*What you are asked to do*
After reading the records, print them all again exactly as they stand.

*Available records*

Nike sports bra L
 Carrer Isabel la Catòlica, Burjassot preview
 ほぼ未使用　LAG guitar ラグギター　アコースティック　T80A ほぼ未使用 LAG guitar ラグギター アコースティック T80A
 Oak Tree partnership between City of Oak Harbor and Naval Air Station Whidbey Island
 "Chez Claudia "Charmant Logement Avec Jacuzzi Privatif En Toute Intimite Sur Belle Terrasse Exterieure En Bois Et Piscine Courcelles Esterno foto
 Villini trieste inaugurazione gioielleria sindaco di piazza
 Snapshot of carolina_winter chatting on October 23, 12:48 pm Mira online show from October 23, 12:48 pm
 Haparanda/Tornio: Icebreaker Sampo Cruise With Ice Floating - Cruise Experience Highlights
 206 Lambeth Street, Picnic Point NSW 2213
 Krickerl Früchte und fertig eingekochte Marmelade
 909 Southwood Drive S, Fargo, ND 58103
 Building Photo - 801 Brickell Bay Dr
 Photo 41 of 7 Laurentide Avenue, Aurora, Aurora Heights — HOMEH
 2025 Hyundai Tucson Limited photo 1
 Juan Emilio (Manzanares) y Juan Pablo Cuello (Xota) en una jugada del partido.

*The answer*
Nike sports bra L
 Carrer Isabel la Catòlica, Burjassot preview
 ほぼ未使用　LAG guitar ラグギター　アコースティック　T80A ほぼ未使用 LAG guitar ラグギター アコースティック T80A
 Oak Tree partnership between City of Oak Harbor and Naval Air Station Whidbey Island
 "Chez Claudia "Charmant Logement Avec Jacuzzi Privatif En Toute Intimite Sur Belle Terrasse Exterieure En Bois Et Piscine Courcelles Esterno foto
 Villini trieste inaugurazione gioielleria sindaco di piazza
 Snapshot of carolina_winter chatting on October 23, 12:48 pm Mira online show from October 23, 12:48 pm
 Haparanda/Tornio: Icebreaker Sampo Cruise With Ice Floating - Cruise Experience Highlights
 206 Lambeth Street, Picnic Point NSW 2213
 Krickerl Früchte und fertig eingekochte Marmelade
 909 Southwood Drive S, Fargo, ND 58103
 Building Photo - 801 Brickell Bay Dr
 Photo 41 of 7 Laurentide Avenue, Aurora, Aurora Heights — HOMEH
 2025 Hyundai Tucson Limited photo 1
 Juan Emilio (Manzanares) y Juan Pablo Cuello (Xota) en una jugada del partido.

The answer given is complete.